Return, word for word, the line containing "Bager guseničar Komatsu 40MR: slika 7" and every line after it through the last line of the records below.

----- Exercise data -----

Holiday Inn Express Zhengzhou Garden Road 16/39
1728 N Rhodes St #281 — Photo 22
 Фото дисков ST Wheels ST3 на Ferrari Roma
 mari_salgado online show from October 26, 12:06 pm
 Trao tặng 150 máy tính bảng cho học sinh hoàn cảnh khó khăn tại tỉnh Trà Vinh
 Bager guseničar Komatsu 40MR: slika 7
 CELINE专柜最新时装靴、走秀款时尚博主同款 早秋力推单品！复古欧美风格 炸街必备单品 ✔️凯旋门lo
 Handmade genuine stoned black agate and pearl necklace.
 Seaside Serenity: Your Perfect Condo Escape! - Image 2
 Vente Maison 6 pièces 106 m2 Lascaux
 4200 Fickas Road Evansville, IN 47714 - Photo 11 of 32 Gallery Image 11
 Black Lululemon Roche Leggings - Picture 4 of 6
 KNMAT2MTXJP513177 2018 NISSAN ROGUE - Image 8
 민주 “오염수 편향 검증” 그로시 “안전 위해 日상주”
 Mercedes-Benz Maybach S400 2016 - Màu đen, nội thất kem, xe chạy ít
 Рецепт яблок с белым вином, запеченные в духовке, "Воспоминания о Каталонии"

-----

Your solution —
 Bager guseničar Komatsu 40MR: slika 7
 CELINE专柜最新时装靴、走秀款时尚博主同款 早秋力推单品！复古欧美风格 炸街必备单品 ✔️凯旋门lo
 Handmade genuine stoned black agate and pearl necklace.
 Seaside Serenity: Your Perfect Condo Escape! - Image 2
 Vente Maison 6 pièces 106 m2 Lascaux
 4200 Fickas Road Evansville, IN 47714 - Photo 11 of 32 Gallery Image 11
 Black Lululemon Roche Leggings - Picture 4 of 6
 KNMAT2MTXJP513177 2018 NISSAN ROGUE - Image 8
 민주 “오염수 편향 검증” 그로시 “안전 위해 日상주”
 Mercedes-Benz Maybach S400 2016 - Màu đen, nội thất kem, xe chạy ít
 Рецепт яблок с белым вином, запеченные в духовке, "Воспоминания о Каталонии"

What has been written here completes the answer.